The world is abuzz with talk about bees. It is virtually impossible to scroll through a social media feed without seeing an article on the global decline of bees and what the threatened extinction of this important pollinator could mean to food production and the planet’s people.
The agricultural industry is only too aware of the fact that without bees, certain food crops will disappear. Robotic bees have been developed, but they are far from able to replace actual bees as pollinators.
But exactly how serious is the situation, especially in a South African context?
According to a report from the United Nations Environment Programme (UNEP), humans are dependent on bees for the pollination of many fruit, nut, vegetable, legume and seed crops. The Food and Agriculture Organization (FAO) of the United Nations states that approximately one third of all the plants people eat are directly or indirectly dependent on bee pollination and could disappear without these pollinators.

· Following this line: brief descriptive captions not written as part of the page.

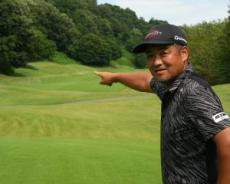 三觜喜一プロが語る「ティショットは真ん中を狙って打たない」がゴルフ上達の理由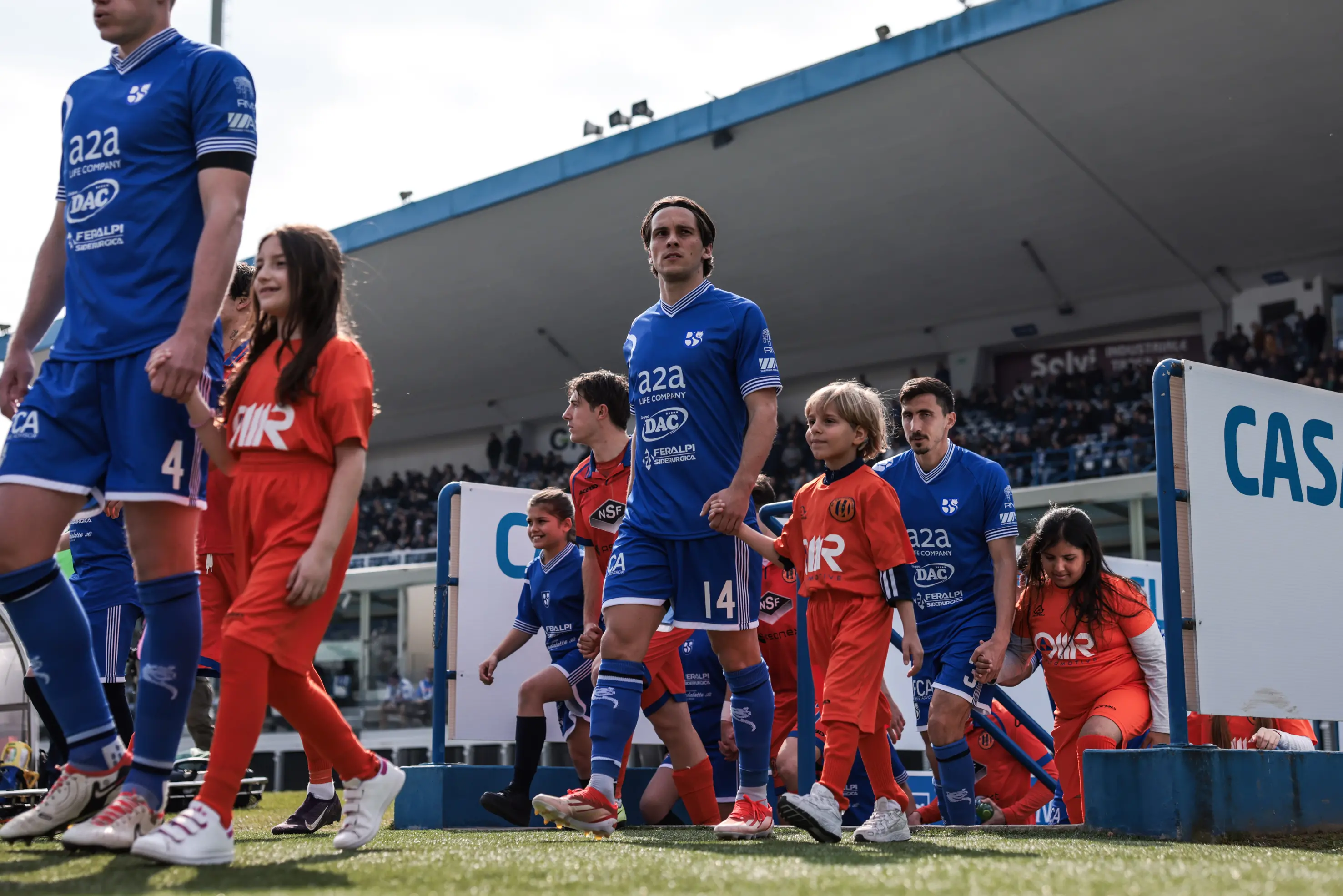 Union Brescia-Ospitaletto: i bimbi della Scuola Audiofonetica in campo coi calciatori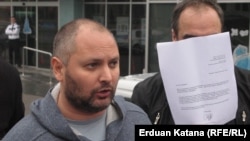 Domagoj Margetić sa dokumentima kojim ilustruje svoje tvrdnje, Banjaluka, 23. novembar 2012.
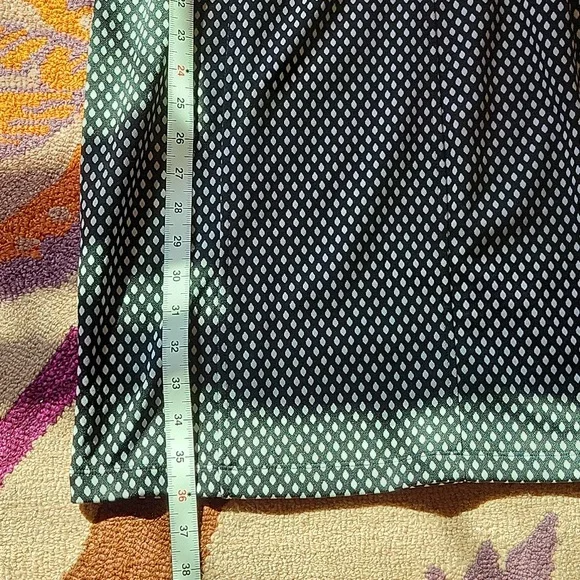 Retro Wiggle Dress - Picture 11 of 12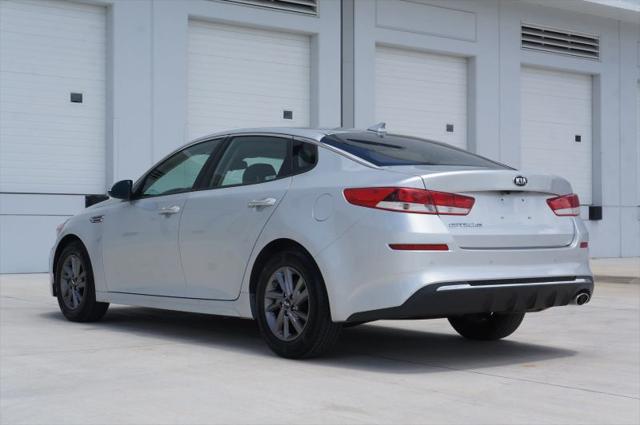 2020 Kia Optima LX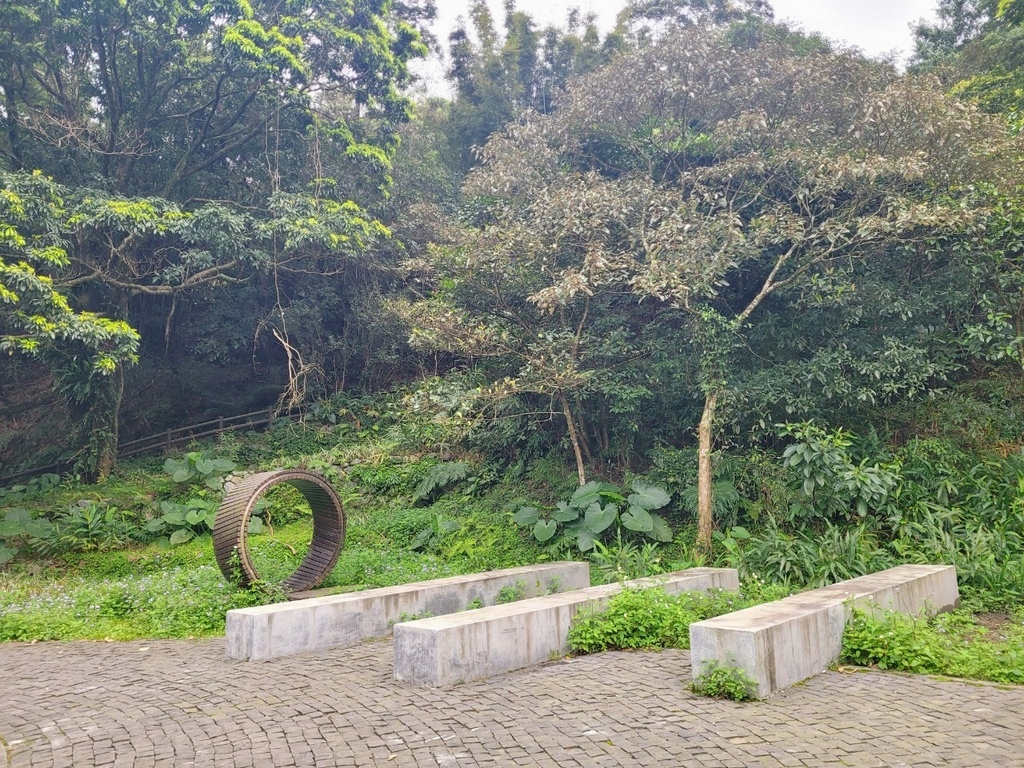 ♥【基隆。暖暖】隆暖東峽谷步道小散步+暖暖運動公園兒童遊戲場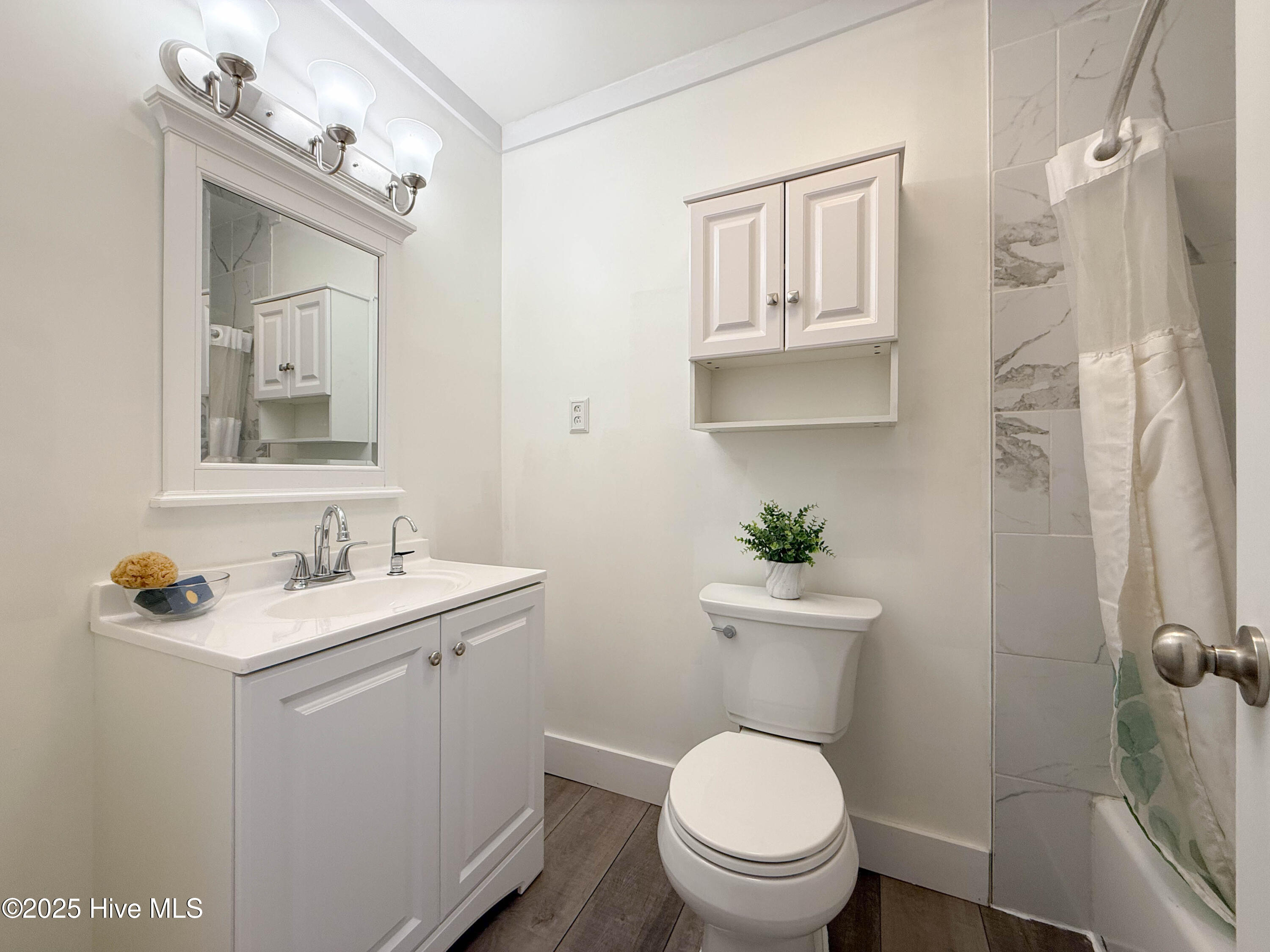 100546287 | Photo 22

A study that included 200 countries found that fruit, vegetable and seed production from 87 of the leading global food crops depends on pollination, while only 28 crops are self- or wind pollinated. The study estimated that 90% of global food production comes from 100 crop species, 71 of which are pollinated by bees. There are 4 000 vegetable varieties dependent on bee pollination. Furthermore, close to 75% of the world’s fruit and grain producing crops depend, at least in part, on pollinators for sustained production, yield and quality. For example, the flowers of fruit crops that are not properly pollinated will deliver fruit that is not well-shaped.

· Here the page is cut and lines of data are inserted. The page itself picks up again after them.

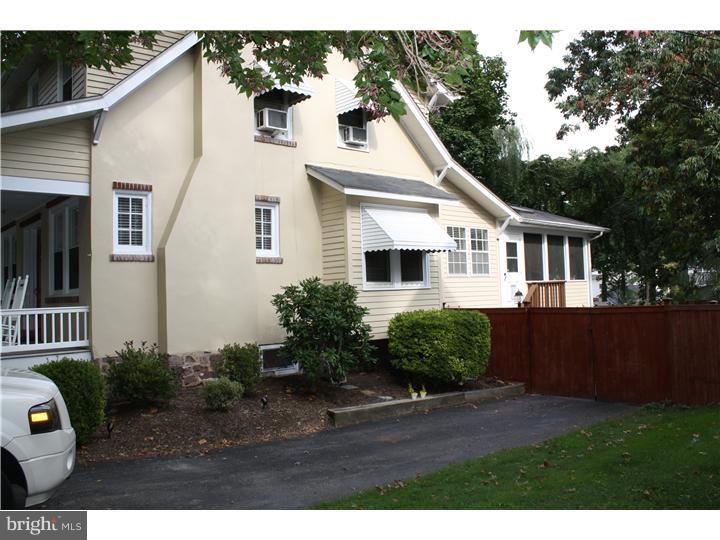 54 North Wakefield Road Norristown, PA 19403 - Photo 3 of 25 Exterior Side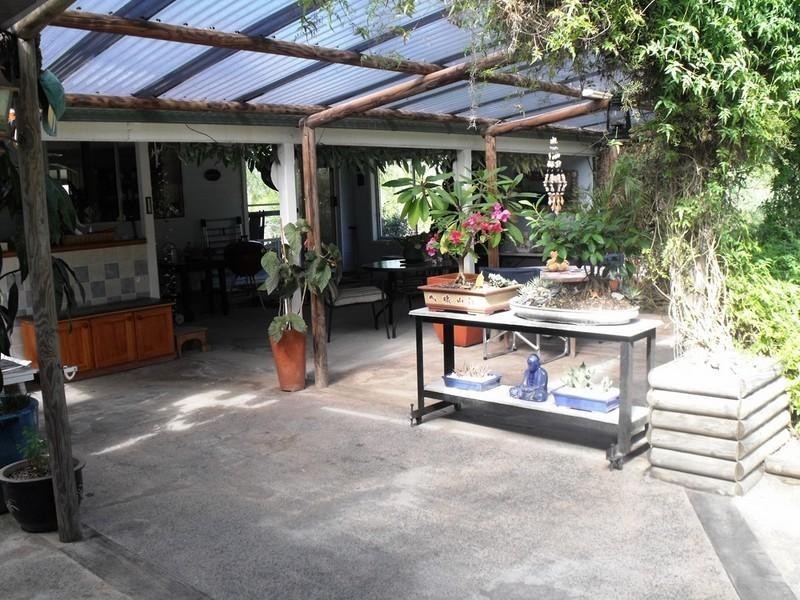 213 Carbeen Crescent, Nanango QLD 4615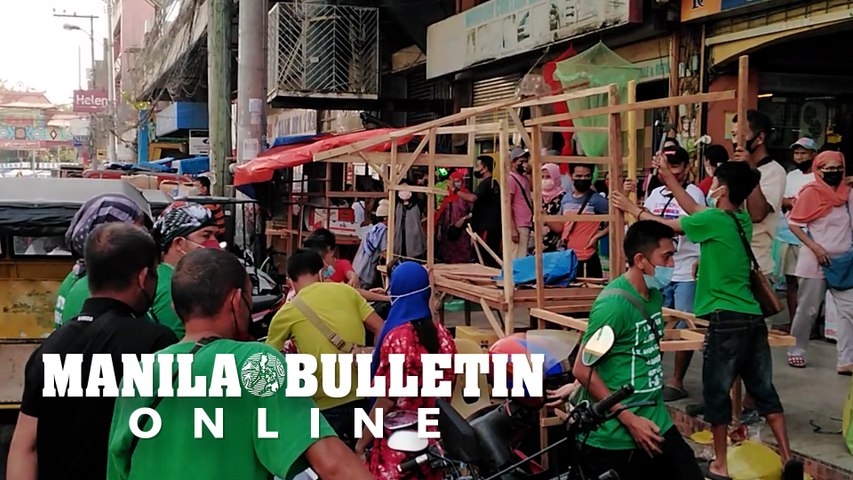 Vendors dismantle their stalls for allegedly violating health protocols in Davao City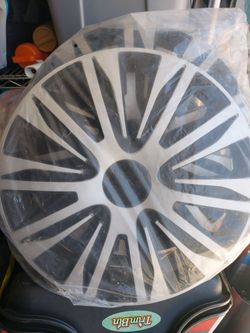 Hubcaps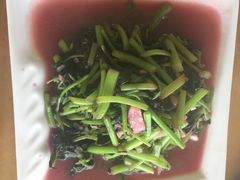 -领鲜土菜馆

According to a 2010 UNEP report titled Global honey bee colony disorders and other threats to insect pollinators, beekeepers, primarily in the United States (US) and Europe, have been reporting annual hive losses of 30% or more. According to the report, this is substantially more than is considered normal or sustainable.
Many factors influence the decline of bees, including pests and diseases, habitat loss, increased use of neonicotinoid pesticides, pollution, climate change and an increase in agricultural production.

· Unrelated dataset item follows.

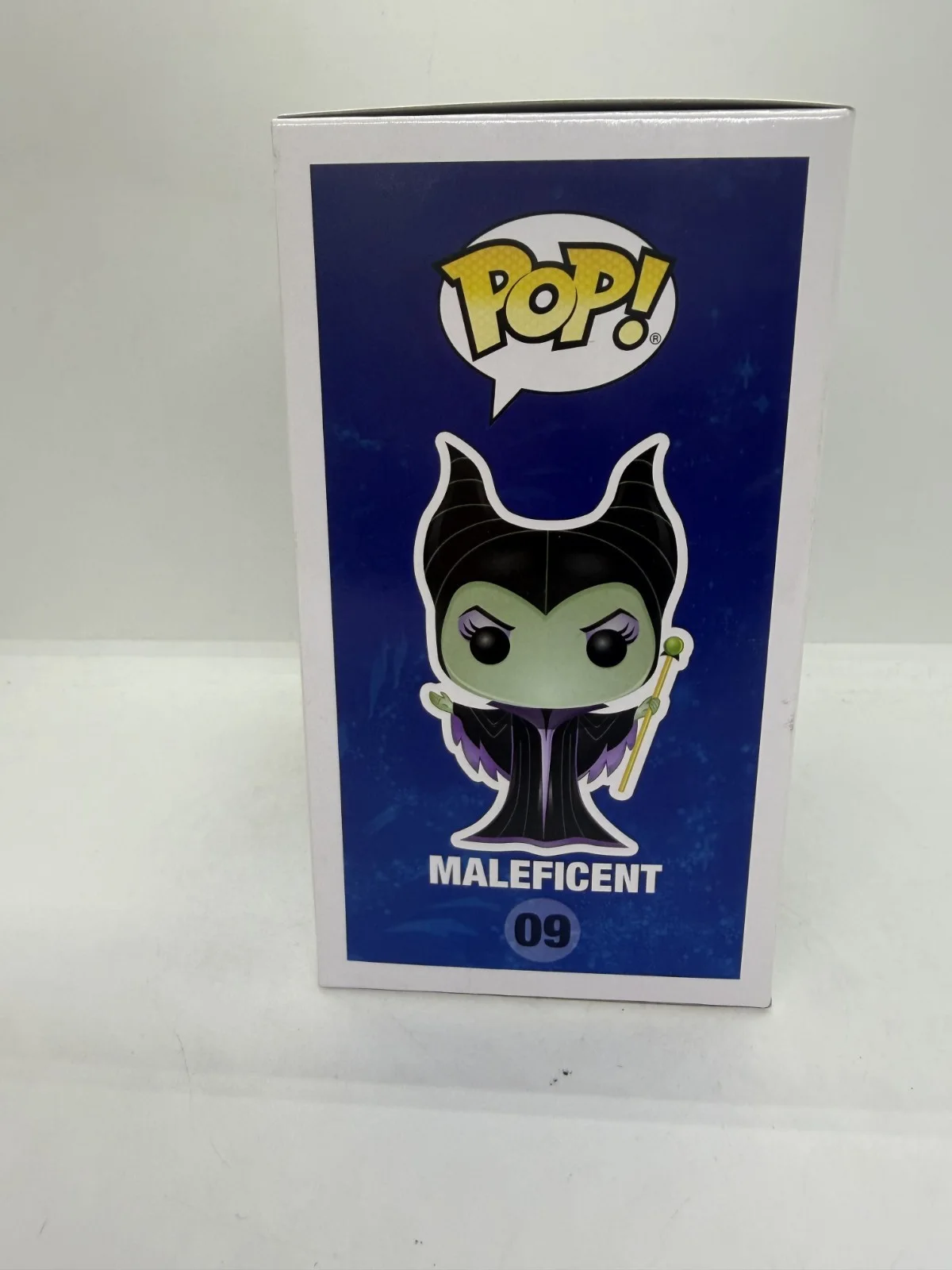 angelina jolie — Angelina Jolie Signed Disney Villians Malificent Funko Pop #09 SWAU #2, изображение 3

The importance of bee species
Of the 20 000 species of pollinators, the European (or Western) honeybee, Apis mellifera, is the most commonly domesticated for honey production and for pollination services. A. mellifera is native to Europe, Asia and Africa; it was introduced to the Americas and Australia by European settlers. Each country has its own unique indigenous bees. The US has more than 4 000 native species. Before the introduction of A. mellifera, native pollinators did all the work and were more efficient pollinators of native plants such as blueberries.
According to the South African National Biodiversity Institute (SANBI), there are two indigenous subspecies of the European honeybee in South Africa, namely the Cape honeybee (A. mellifera capensis) and the African honeybee (A. mellifera scutellate). The Cape honeybee is found in the fynbos biome in the winter rainfall regions of South Africa. It is darker than other honeybees and displays the typical yellow and black striped abdomen. Cape honeybees are sometimes called ‘black bees’. The African honeybee is native to central and southern Africa and to the northern summer rainfall regions of the country.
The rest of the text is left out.